Overview
The AnalizadorSemantico (Semantic Analyzer) class performs semantic analysis by traversing the Abstract Syntax Tree (AST) and verifying that the code makes logical sense. It’s the third phase of the compilation process.
Class Definition
class AnalizadorSemantico:
def __init__(self)
Constructor Parameters
No parameters required.
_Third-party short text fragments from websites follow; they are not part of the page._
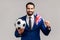 Man holding hands flag of United Kingdom and football ball supporting favourite team on championship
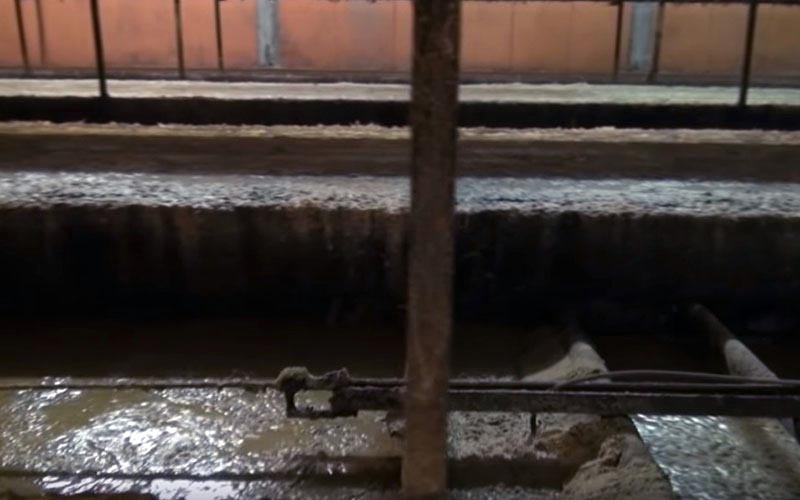 Vue rapprochée des structures métalliques et des déchets au sol sous les cages.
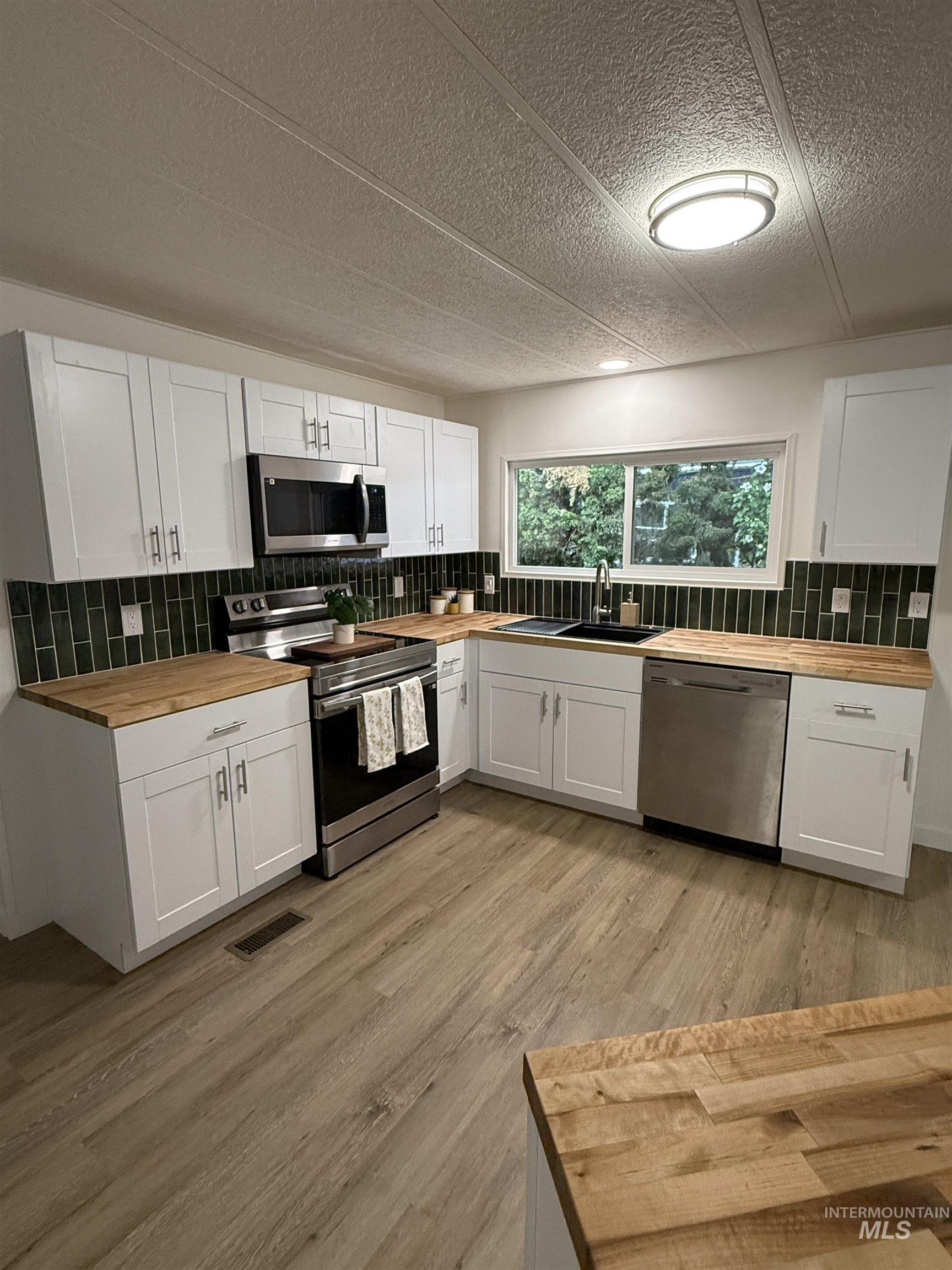 424 West Cherry Lane, Unit 5 Meridian, ID 83642 - Photo 5 of 27 Kitchen featuring butcher block countertops, white cabinetry, stainless steel appliances, tasteful backsplash, and a textured ceiling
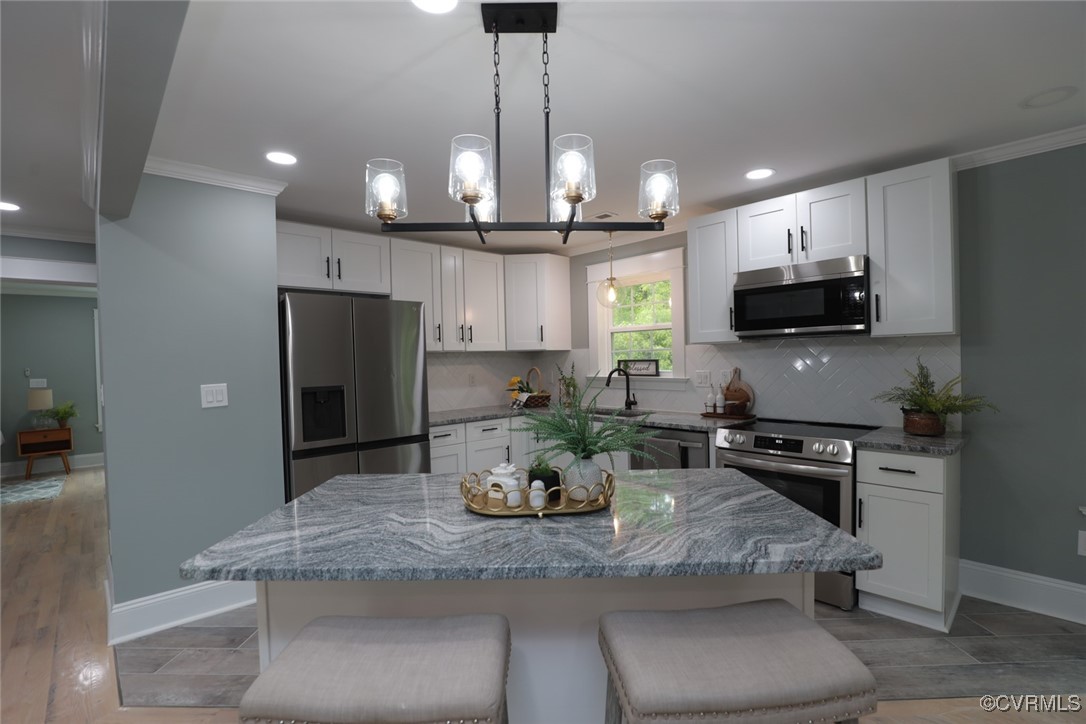 901 Rosegill Road Chesterfield, VA 23236 - Photo 13 of 30 a kitchen with stainless steel appliances granite countertop a sink a stove a refrigerator a microwave a dining table and chairs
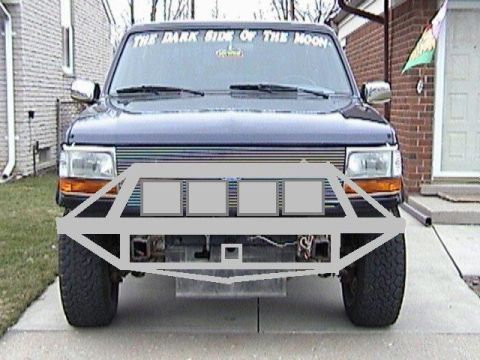1995 Ford Bronco - A truck is parked in a driveway, showing its front end with a large, aftermarket bumper assembly.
The analyzer initializes with an empty state.
Attributes
variables_declaradas (set): Set of variable names that have been declared
errores (List[str]): List of semantic errors found during analysis
Public Methods
analizar()
Analyzes the complete program AST for semantic correctness.
def analizar(self, programa: Programa) -> bool
The AST produced by the Parser
Returns True if no semantic errors were found, False otherwise
Example:
scanner = Scanner("let x = y + 5;")
tokens = scanner.escanear_tokens()
parser = Parser(tokens)
programa = parser.parsear()
analizador = AnalizadorSemantico()
exito = analizador.analizar(programa)
if not exito:
for error in analizador.errores:
print(error)
# Output: Error semántico en línea 1, columna 9: la variable 'y' no ha sido declarada
Semantic Checks
The Semantic Analyzer performs the following validations:
1. Undefined Variable Detection
Verifies that all variables are declared before use.
Error Example:
code = "print x;" # x is not declared
analizador = AnalizadorSemantico()
analizador.analizar(programa)
# Error: la variable 'x' no ha sido declarada
Correct Example:
code = """
let x = 5;
print x;
"""
# ✓ No error: x is declared before use
2. Variable Redeclaration Warning
Warns when a variable is declared multiple times.
Warning Example:
code = """
let x = 5;
let x = 10;
"""
analizador = AnalizadorSemantico()
analizador.analizar(programa)
# Advertencia: la variable 'x' ya fue declarada anteriormente
3. Division by Zero Detection
Detects division by zero when the divisor is a literal number.
Error Example:
code = "let x = 10 / 0;"
analizador = AnalizadorSemantico()
analizador.analizar(programa)
# Error: división entre cero detectada
Note: Only literal divisions are checked:
# This IS detected:
let x = 10 / 0; // Error!
# This is NOT detected (runtime behavior):
let y = 0;
let x = 10 / y; // No compile-time error
4. Self-Reference Detection
Detects variables that reference themselves in their declaration.
Error Example:
code = "let x = x + 1;"
analizador = AnalizadorSemantico()
analizador.analizar(programa)
# Error: la variable 'x' no ha sido declarada
This works because the analyzer:
- Analyzes the right-hand expression first
- Then registers the variable as declared
Implementation Details
Variable Declaration Order
The analyzer processes declarations in the following order:
- Check if the variable already exists (warning if it does)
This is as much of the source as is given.